When one of you earns much more: buying together fairly
One of you earns £65,000. The other earns £28,000. You want to buy a home together, but 50/50 doesn't feel right — and you're not quite sure how to talk about it without it becoming a bigger conversation about who earns more and why.
This is one of the most common situations couples face, and one of the least discussed. Here's how to approach it practically.
Why 50/50 creates tension
A strict 50/50 split sounds fair in principle. In practice, it means the lower earner is paying a much higher proportion of their take-home pay each month. If you earn £28,000 (roughly £1,900/month after tax) and your mortgage and bills come to £1,100 each, that's 58% of your income — almost certainly too much.
This doesn't just create financial pressure on one person. It creates resentment, financial anxiety, and a power imbalance that tends to compound over time. The higher earner may start to feel like they're subsidising; the lower earner may feel unable to spend freely or make financial decisions as an equal.
Proportional contributions: how it actually works
A proportional approach means you each contribute the same percentage of your take-home pay, rather than the same pound amount.
On combined net incomes of approximately £4,300/month (£65k + £28k), a proportional split would mean:
- Higher earner pays roughly 70% of shared costs (£3,000 / £4,300)
- Lower earner pays roughly 30% of shared costs
This keeps both people paying a similar proportion of their own income — and leaves both with a similar amount of "breathing room" each month.
Enter your individual take-home pays and the income splitter calculates your proportional split automatically — then shows you what each of you contributes to every shared bill.

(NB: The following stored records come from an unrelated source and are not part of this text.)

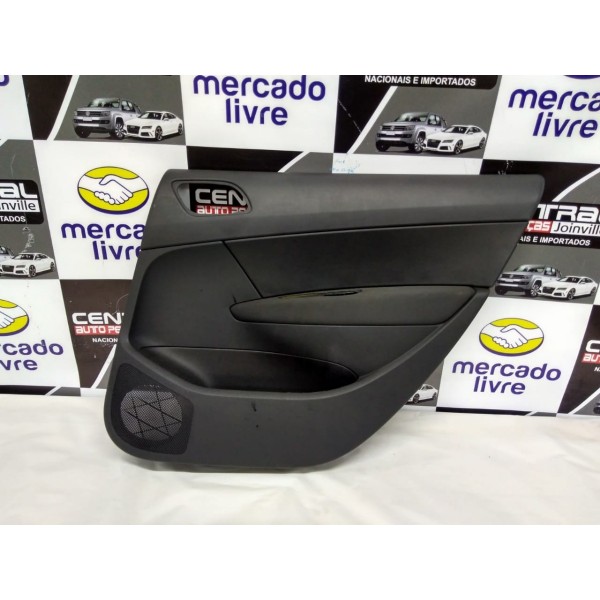 Forro Porta Traseiro Direito Peugeot 308 2018
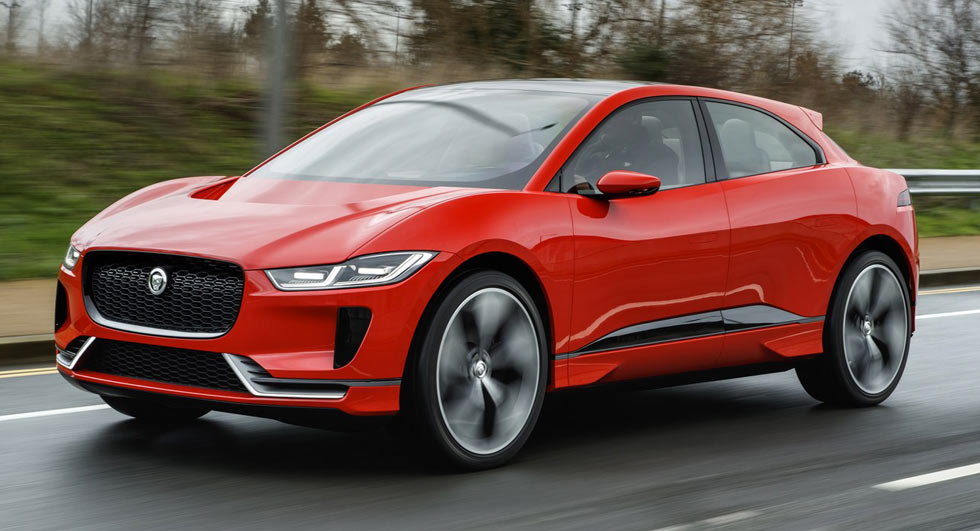  Jaguar I-Pace Platform Could Spawn New Electric Vehicles
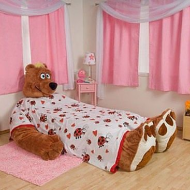 Ну очень мягкая кровать!!!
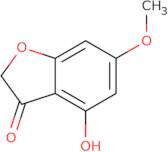 4-Hydroxy-6-methoxybenzofuran-3(2H)-one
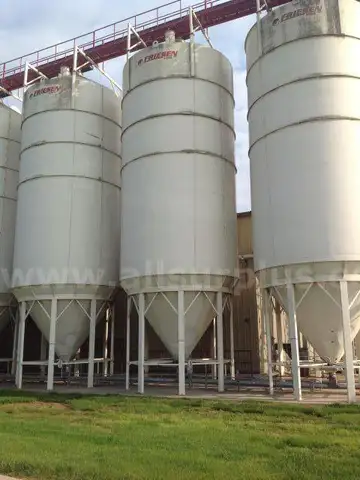 Friesen Cone Bottom Silo
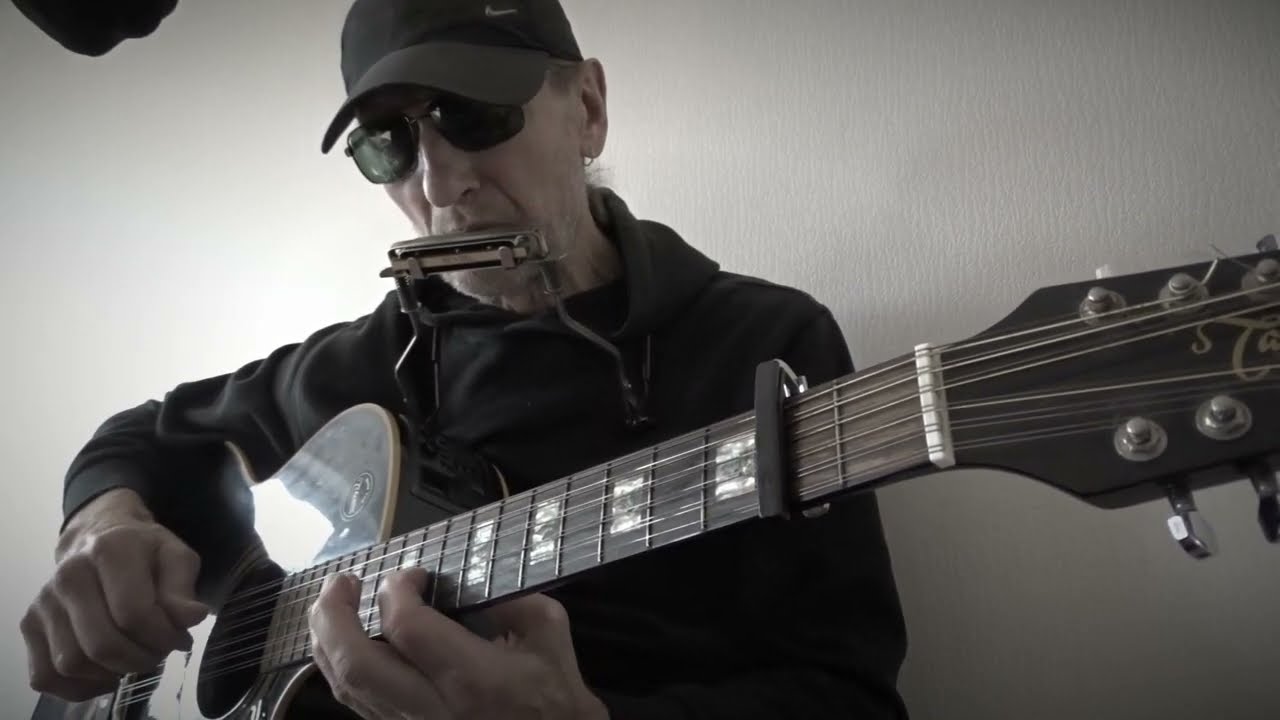 FRAGILE | STING | G harmonica cover | + TAB |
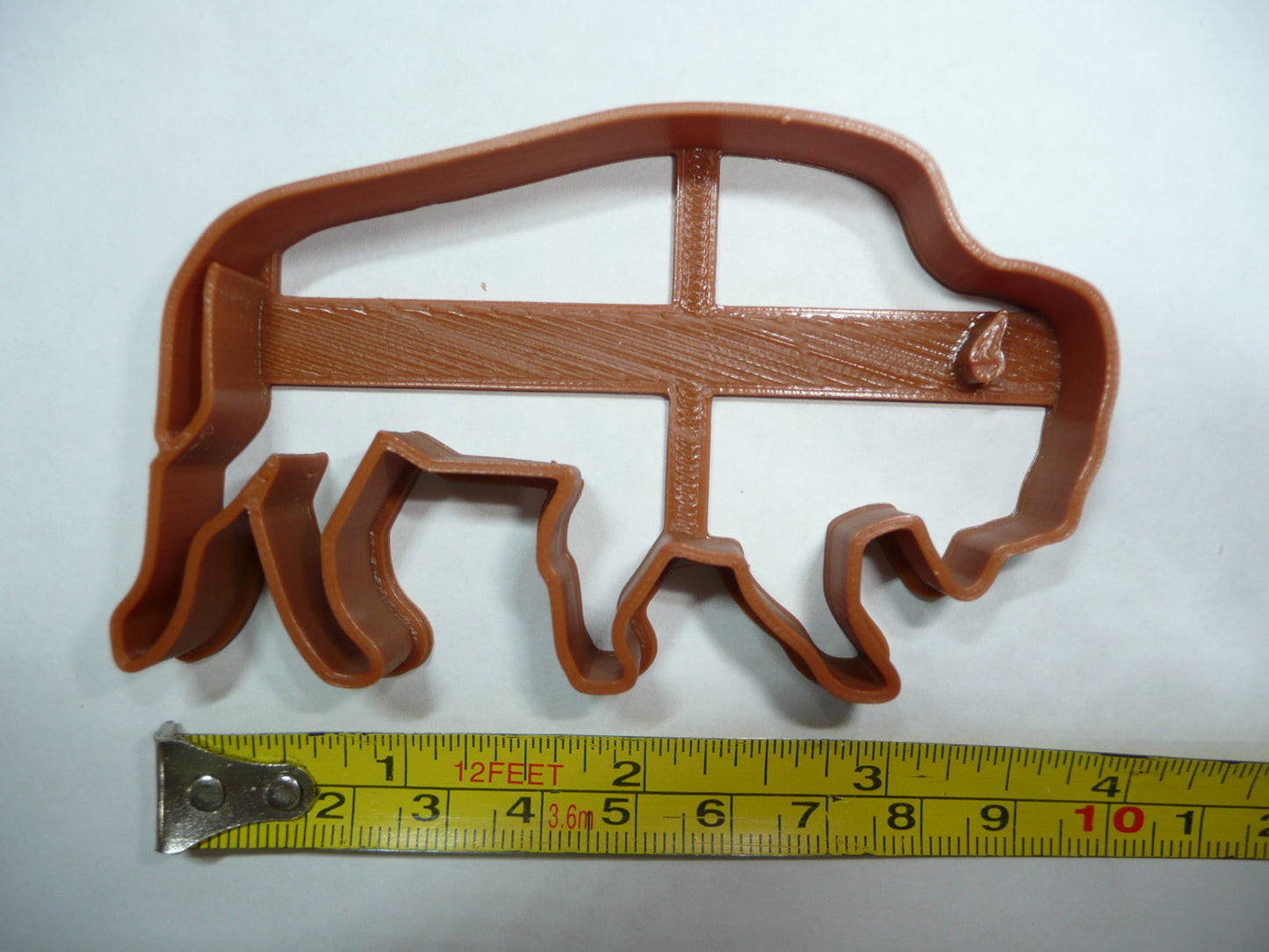 Bison Detailed Buffalo Animal Cookie Cutter Made In USA PR5326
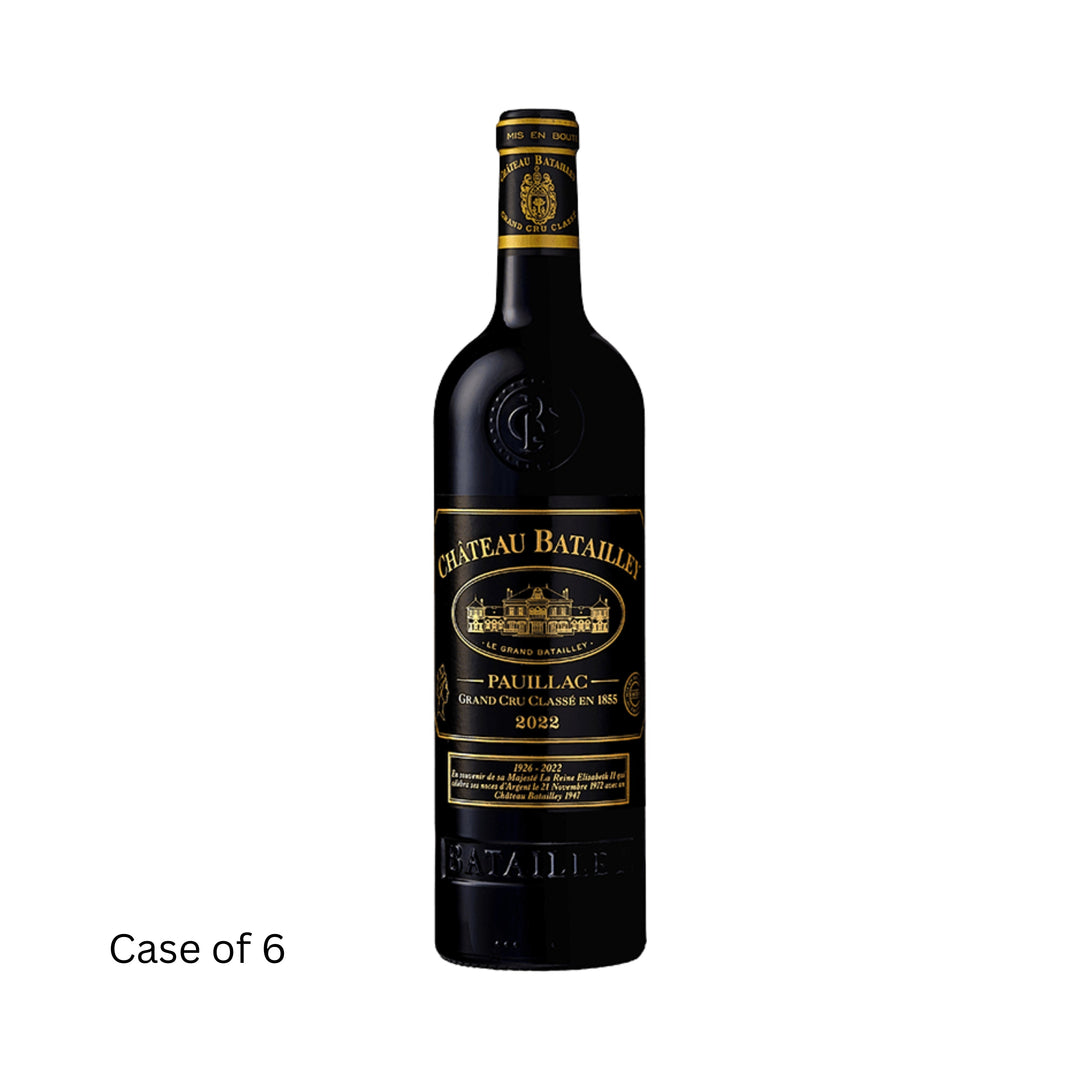 巴特利酒庄 2022 年份(6瓶/箱)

Calculate your fair split →How ownership should reflect your contributions
If one person is contributing a larger deposit, a larger monthly payment, or both, it's worth considering whether the legal ownership should reflect that.
Buying as tenants in common with unequal shares lets you register ownership at, say, 65/35 rather than 50/50. This means if you sell, the proceeds are split according to your recorded shares — not automatically down the middle.
You'll want a Declaration of Trust drawn up by your solicitor to record the agreed shares and how ongoing contributions affect them over time. See our guide on protecting your deposit for more detail on this.
Useful reading
What about the mortgage application?
Regardless of how you split costs between yourselves, the lender looks at both incomes together to determine what you can borrow. The higher earner's income will carry more weight in the overall affordability calculation, but both of you are equally and fully liable for the debt.
This is worth understanding: if the higher earner lost their job, the lower earner would be expected to cover the full mortgage. That's not just a lender requirement — it's a real financial risk you should both be clear about before you apply.
The emotional side
Money conversations between partners often aren't really about money — they're about fairness, contribution, and feeling valued. A proportional split handles the numbers, but it's worth having an explicit conversation about what "fair" means to you both.
Some couples prefer to both put the same amount into a joint account for shared costs, with the higher earner putting more into shared savings. Others prefer full transparency with a proportional share of everything. There's no universally right answer — but having agreed on something explicit is better than an unspoken assumption that quietly builds tension.